In 2006, the lovebirds relocated to Los Angeles, where they continued their roles as community movers and shakers by launching a party called, “Chocolate and Wine: Upscale Events for Women and Their Friends.” Mignon explains: “Chocolate meant ‘dark chocolate, milk chocolate and white chocolate,’ to make sure that everyone was included.” While the event welcomed all supportive partygoers, Mignon and Elaine sought to provide an environment for women of color to feel validated, socialize and shine—in some seriously swanky spots.

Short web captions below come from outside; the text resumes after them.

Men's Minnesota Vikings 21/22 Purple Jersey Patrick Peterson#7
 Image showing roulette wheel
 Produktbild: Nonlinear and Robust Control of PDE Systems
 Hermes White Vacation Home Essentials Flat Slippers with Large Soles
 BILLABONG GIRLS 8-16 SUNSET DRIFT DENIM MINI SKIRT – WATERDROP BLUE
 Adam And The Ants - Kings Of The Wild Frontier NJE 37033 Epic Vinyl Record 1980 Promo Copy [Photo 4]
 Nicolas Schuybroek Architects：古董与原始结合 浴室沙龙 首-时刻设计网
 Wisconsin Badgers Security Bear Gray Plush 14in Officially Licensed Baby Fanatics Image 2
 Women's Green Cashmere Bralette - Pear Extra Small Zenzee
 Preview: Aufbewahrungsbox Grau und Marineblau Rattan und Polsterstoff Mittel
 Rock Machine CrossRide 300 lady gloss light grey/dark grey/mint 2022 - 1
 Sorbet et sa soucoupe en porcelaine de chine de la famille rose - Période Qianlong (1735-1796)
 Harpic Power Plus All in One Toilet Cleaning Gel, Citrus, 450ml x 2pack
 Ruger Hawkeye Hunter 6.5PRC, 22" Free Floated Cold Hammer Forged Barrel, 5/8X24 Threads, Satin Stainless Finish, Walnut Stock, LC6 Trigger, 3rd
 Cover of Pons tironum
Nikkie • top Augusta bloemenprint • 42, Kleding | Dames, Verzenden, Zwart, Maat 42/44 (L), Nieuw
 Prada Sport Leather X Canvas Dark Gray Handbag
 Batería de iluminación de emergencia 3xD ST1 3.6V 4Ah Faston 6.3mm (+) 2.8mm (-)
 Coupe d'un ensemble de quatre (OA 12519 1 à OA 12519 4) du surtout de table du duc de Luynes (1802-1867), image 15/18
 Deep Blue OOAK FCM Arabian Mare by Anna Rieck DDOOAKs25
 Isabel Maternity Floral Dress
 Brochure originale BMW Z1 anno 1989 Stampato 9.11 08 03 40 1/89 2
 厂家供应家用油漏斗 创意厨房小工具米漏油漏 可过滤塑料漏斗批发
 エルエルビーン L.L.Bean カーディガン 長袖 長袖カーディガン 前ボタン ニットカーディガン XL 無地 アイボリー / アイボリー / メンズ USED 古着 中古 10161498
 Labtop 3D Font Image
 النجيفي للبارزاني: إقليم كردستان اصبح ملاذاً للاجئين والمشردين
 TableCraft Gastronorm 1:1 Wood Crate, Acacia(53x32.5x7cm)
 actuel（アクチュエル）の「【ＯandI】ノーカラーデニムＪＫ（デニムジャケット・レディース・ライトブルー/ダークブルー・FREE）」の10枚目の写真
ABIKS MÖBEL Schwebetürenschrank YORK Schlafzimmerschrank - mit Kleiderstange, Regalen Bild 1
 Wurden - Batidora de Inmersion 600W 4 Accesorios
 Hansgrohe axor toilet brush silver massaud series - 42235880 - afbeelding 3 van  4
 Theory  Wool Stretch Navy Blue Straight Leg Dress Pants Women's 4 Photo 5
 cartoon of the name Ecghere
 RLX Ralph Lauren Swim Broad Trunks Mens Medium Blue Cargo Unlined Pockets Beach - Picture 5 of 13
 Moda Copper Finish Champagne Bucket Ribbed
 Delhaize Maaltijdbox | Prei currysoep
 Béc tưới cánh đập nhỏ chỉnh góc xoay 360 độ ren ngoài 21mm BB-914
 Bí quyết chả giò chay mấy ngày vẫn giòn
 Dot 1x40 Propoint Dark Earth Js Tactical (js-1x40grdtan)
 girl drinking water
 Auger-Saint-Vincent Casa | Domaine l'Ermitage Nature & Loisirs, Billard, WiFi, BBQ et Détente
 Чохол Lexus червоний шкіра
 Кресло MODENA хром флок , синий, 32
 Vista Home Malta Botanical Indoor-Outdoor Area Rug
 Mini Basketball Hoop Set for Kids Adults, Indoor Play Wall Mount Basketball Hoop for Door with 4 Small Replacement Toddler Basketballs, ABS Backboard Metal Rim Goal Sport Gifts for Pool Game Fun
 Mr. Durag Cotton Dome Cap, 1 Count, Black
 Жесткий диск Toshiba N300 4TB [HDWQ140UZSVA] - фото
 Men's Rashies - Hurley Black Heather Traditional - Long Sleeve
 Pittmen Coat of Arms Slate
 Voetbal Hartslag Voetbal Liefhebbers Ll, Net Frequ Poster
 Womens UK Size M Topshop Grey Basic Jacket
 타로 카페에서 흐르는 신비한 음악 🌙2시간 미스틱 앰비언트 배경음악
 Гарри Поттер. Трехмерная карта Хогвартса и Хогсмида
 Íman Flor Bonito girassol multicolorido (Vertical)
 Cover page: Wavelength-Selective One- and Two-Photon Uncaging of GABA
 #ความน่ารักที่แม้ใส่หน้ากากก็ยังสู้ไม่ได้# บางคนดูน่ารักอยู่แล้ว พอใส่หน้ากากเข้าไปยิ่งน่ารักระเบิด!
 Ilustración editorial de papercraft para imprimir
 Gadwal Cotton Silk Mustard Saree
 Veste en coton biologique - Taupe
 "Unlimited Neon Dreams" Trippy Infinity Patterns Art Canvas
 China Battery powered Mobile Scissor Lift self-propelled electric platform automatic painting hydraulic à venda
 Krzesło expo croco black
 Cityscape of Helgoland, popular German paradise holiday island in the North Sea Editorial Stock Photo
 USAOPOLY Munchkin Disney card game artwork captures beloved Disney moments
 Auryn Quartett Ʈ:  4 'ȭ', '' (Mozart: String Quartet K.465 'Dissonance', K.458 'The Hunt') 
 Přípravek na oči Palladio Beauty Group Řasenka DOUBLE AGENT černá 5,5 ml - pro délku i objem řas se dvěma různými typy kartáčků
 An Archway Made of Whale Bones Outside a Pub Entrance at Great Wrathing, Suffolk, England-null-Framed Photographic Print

Mignon, then a professor of sociology at UCLA, and Elaine, who founded her own graphic design company, Harley Graphic Design (harleygraphicdesign.com), obtained a domestic partnership in 2008. Both native New Yorkers, the couple decided to wed in their home state after marriage equality became legal there in 2011. So, in March of 2012, which marked 10 years together for the pair, Mignon and Elaine traveled to New York to marry in a civil service. They decided to celebrate their union all year. The festivities moved on to a picturesque August destination wedding in Los Cabos, Mexico, with 40 loved ones. “It was so much fun,” Mignon says. “It was the best day of my life, really.” The women walked each other down the aisle because after a decade of partnership, they “were entering this union with both eyes open and facing it together.” The following week in L.A., the newlyweds held another celebration in their backyard for friends unable to attend the Mexico ceremony. “That’s why I always say we got married three times,” adds Mignon.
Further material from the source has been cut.